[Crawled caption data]
-------

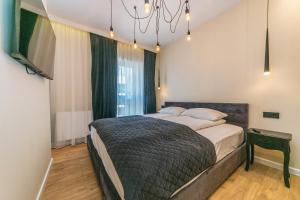 sypialnia z łóżkiem i żyrandolem w obiekcie House Managers - Nadmotławie w Gdańsku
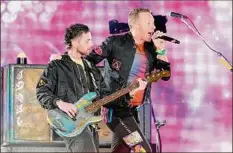  ?? Rick Scuteri / Associated Press ?? Guy Berryman, left, and Chris Martin of Coldplay perform during the band’s Music of the Spheres world tour on Thursday in Glendale, Ariz. The band has included energy-storing stationary bikes to their latest world tour, encouragin­g fans to help power the show as part of a push to make the tour more environmen­tally friendly.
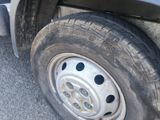 a close up of a tire on the side of a truck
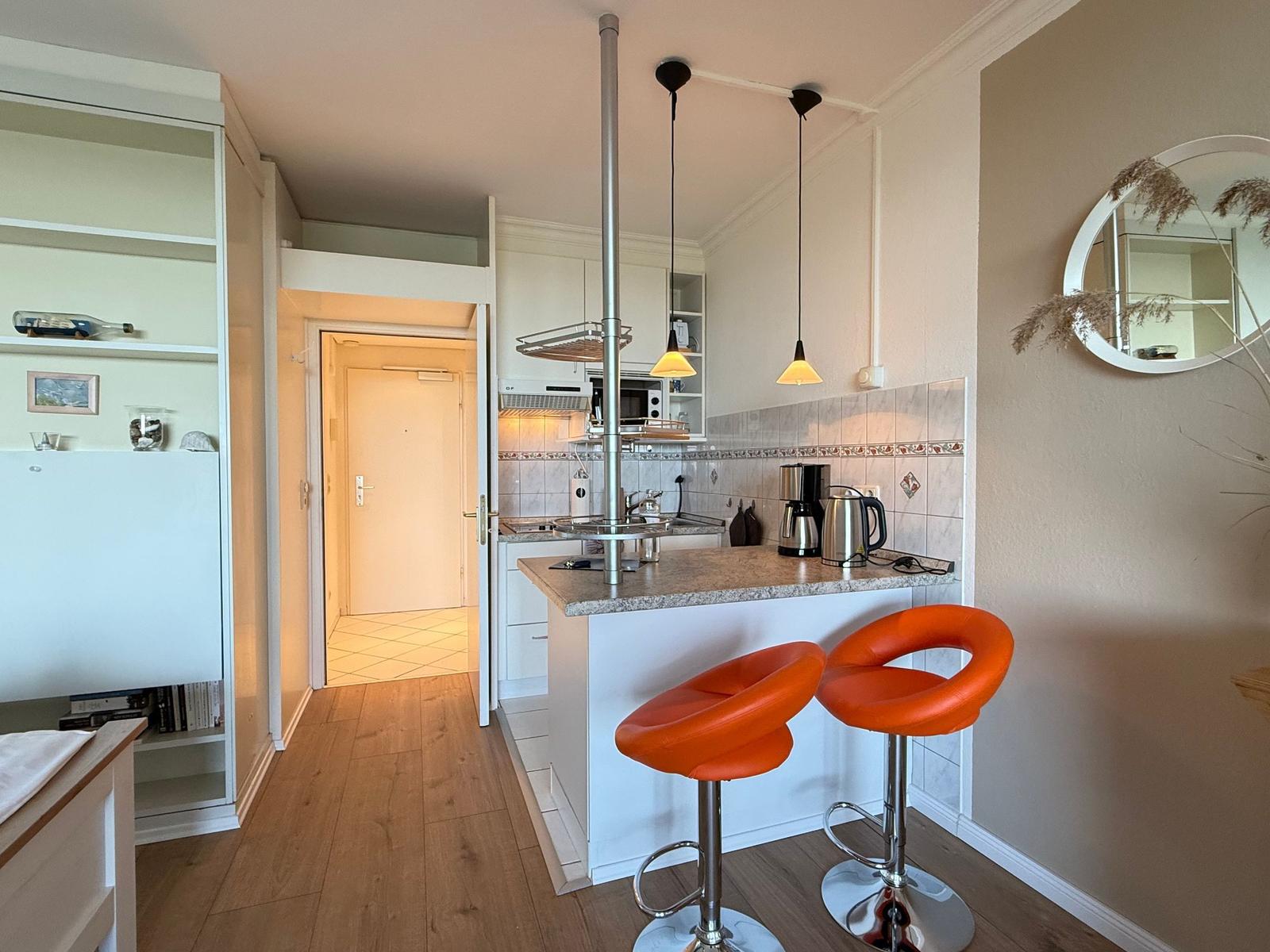 Kitchen with countertop, two orange bar stools, and sink.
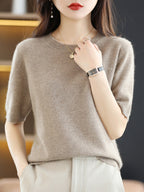 Femme portant un pull en cachemire beige, montre élégante et collier doré, mode automne-hiver, style chic et décontracté.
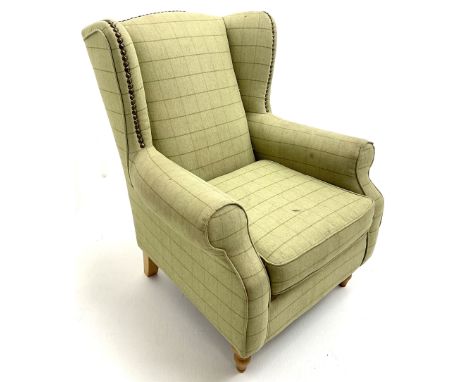 Next Sherlock wingback armchair upholstered in a light green chequered fabric, turned supports Dimensions: Length/Width:&nbsp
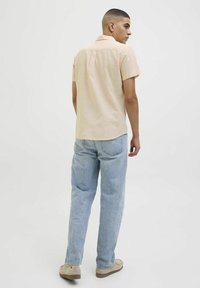 Korte mouwen, perzikkleurig shirt met een button-down kraag, gecombineerd met lichtblauwe jeans en beige schoenen, met een ontspannen pasvorm.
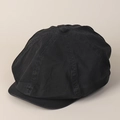 Close-up of black washed cotton newsboy cap showing stitched panels and top button - Black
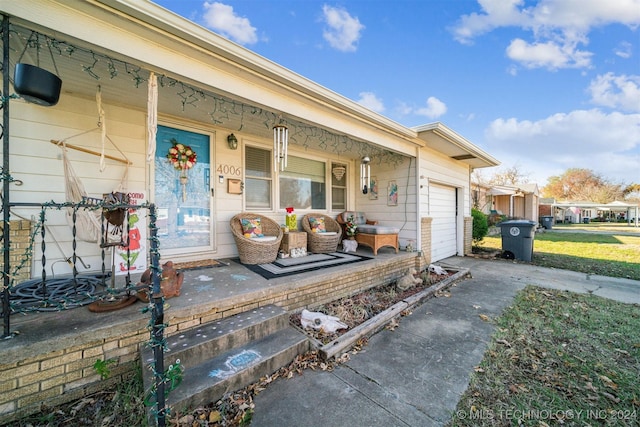 doorway to property featuring a porch and a garage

-------

> TASK OBJECTIVE: Repeat the data above word for word, without pictures.

> RESPONSE TO THIS EXERCISE:
 sypialnia z łóżkiem i żyrandolem w obiekcie House Managers - Nadmotławie w Gdańsku
  ?? Rick Scuteri / Associated Press ?? Guy Berryman, left, and Chris Martin of Coldplay perform during the band’s Music of the Spheres world tour on Thursday in Glendale, Ariz. The band has included energy-storing stationary bikes to their latest world tour, encouragin­g fans to help power the show as part of a push to make the tour more environmen­tally friendly.
 a close up of a tire on the side of a truck
 Kitchen with countertop, two orange bar stools, and sink.
 Femme portant un pull en cachemire beige, montre élégante et collier doré, mode automne-hiver, style chic et décontracté.
 Next Sherlock wingback armchair upholstered in a light green chequered fabric, turned supports Dimensions: Length/Width:&nbsp
 Korte mouwen, perzikkleurig shirt met een button-down kraag, gecombineerd met lichtblauwe jeans en beige schoenen, met een ontspannen pasvorm.
 Close-up of black washed cotton newsboy cap showing stitched panels and top button - Black
 doorway to property featuring a porch and a garage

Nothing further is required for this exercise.